What needs to be done:
Images in the data are to be skipped, while every line is restated exactly as written.

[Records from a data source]
[Start of section]

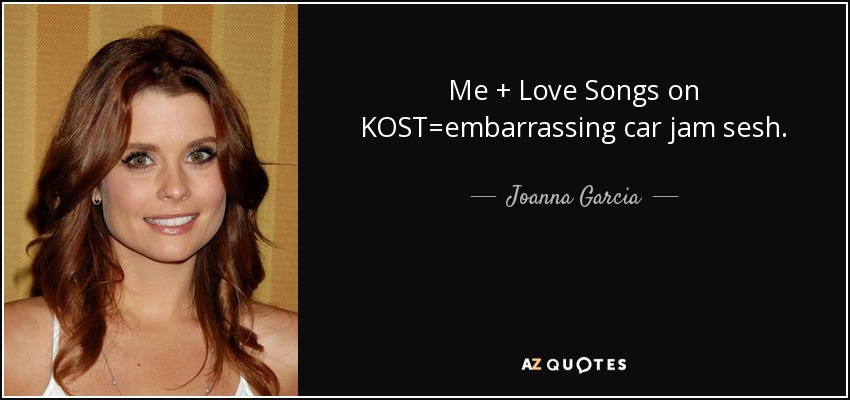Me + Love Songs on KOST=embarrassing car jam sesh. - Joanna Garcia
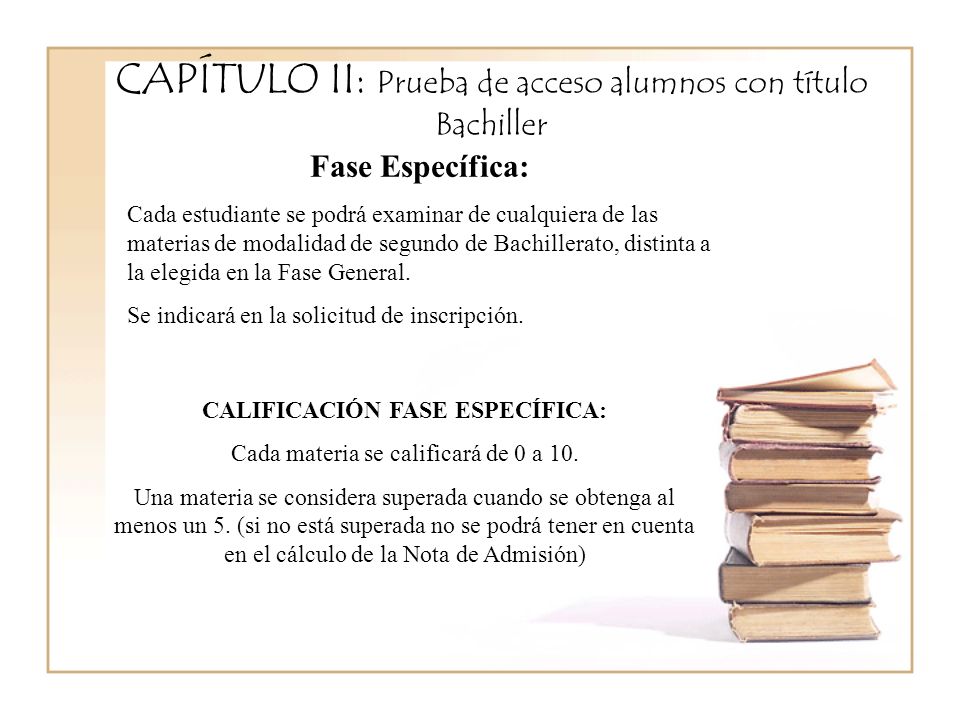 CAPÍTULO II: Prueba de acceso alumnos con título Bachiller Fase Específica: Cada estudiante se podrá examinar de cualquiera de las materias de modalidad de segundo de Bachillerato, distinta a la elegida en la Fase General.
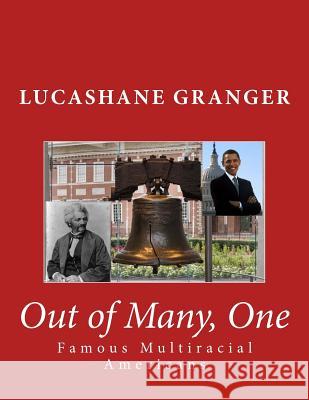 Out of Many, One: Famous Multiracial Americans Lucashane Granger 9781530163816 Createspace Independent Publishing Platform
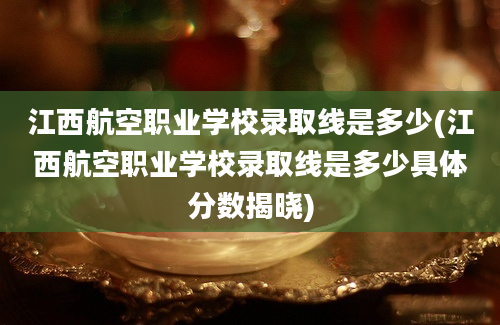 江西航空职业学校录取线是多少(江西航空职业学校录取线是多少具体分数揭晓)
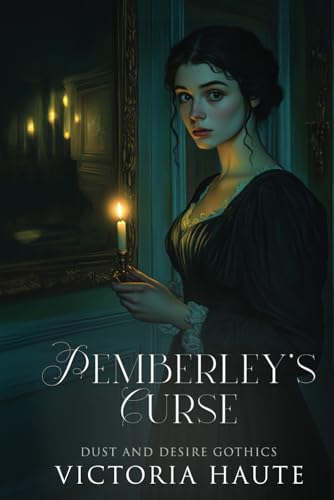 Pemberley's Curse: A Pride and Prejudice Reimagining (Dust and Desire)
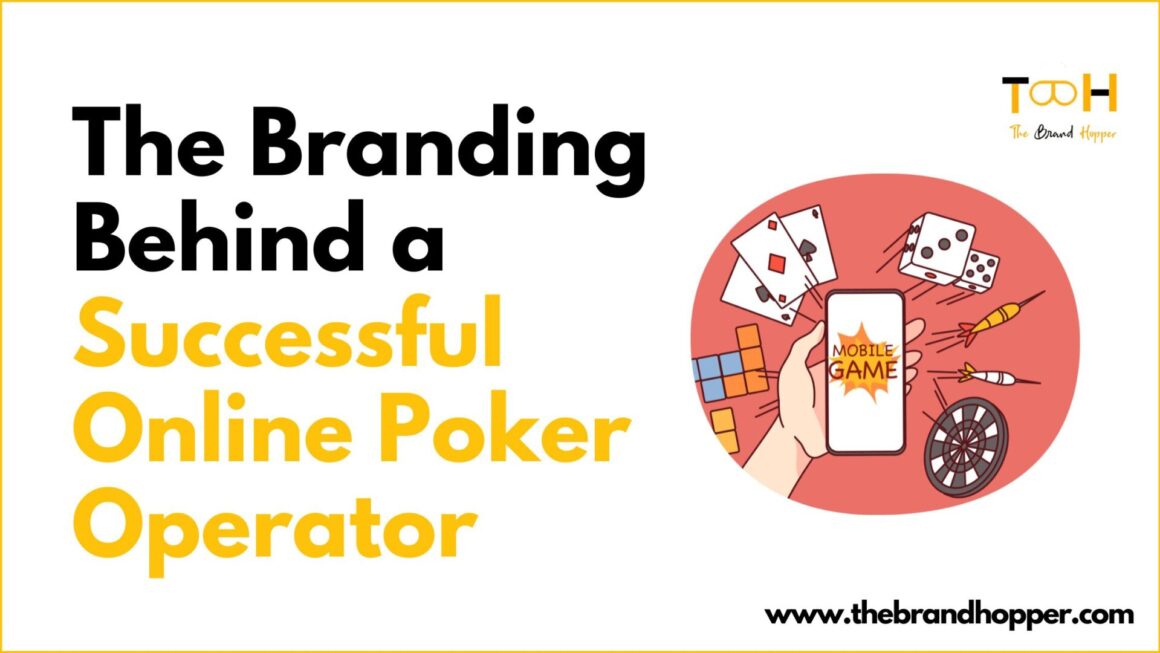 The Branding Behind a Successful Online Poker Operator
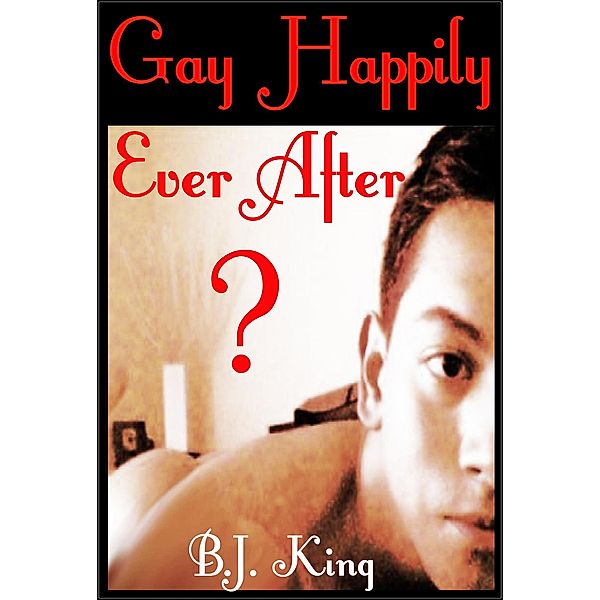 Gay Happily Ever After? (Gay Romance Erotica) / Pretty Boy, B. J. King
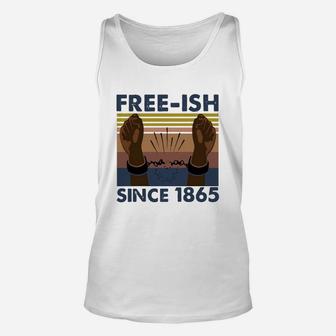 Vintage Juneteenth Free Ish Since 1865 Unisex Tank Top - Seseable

[End of section]

Problem solution:
Me + Love Songs on KOST=embarrassing car jam sesh. - Joanna Garcia
 CAPÍTULO II: Prueba de acceso alumnos con título Bachiller Fase Específica: Cada estudiante se podrá examinar de cualquiera de las materias de modalidad de segundo de Bachillerato, distinta a la elegida en la Fase General.
 Out of Many, One: Famous Multiracial Americans Lucashane Granger 9781530163816 Createspace Independent Publishing Platform
 江西航空职业学校录取线是多少(江西航空职业学校录取线是多少具体分数揭晓)
 Pemberley's Curse: A Pride and Prejudice Reimagining (Dust and Desire)
 The Branding Behind a Successful Online Poker Operator
 Gay Happily Ever After? (Gay Romance Erotica) / Pretty Boy, B. J. King
 Vintage Juneteenth Free Ish Since 1865 Unisex Tank Top - Seseable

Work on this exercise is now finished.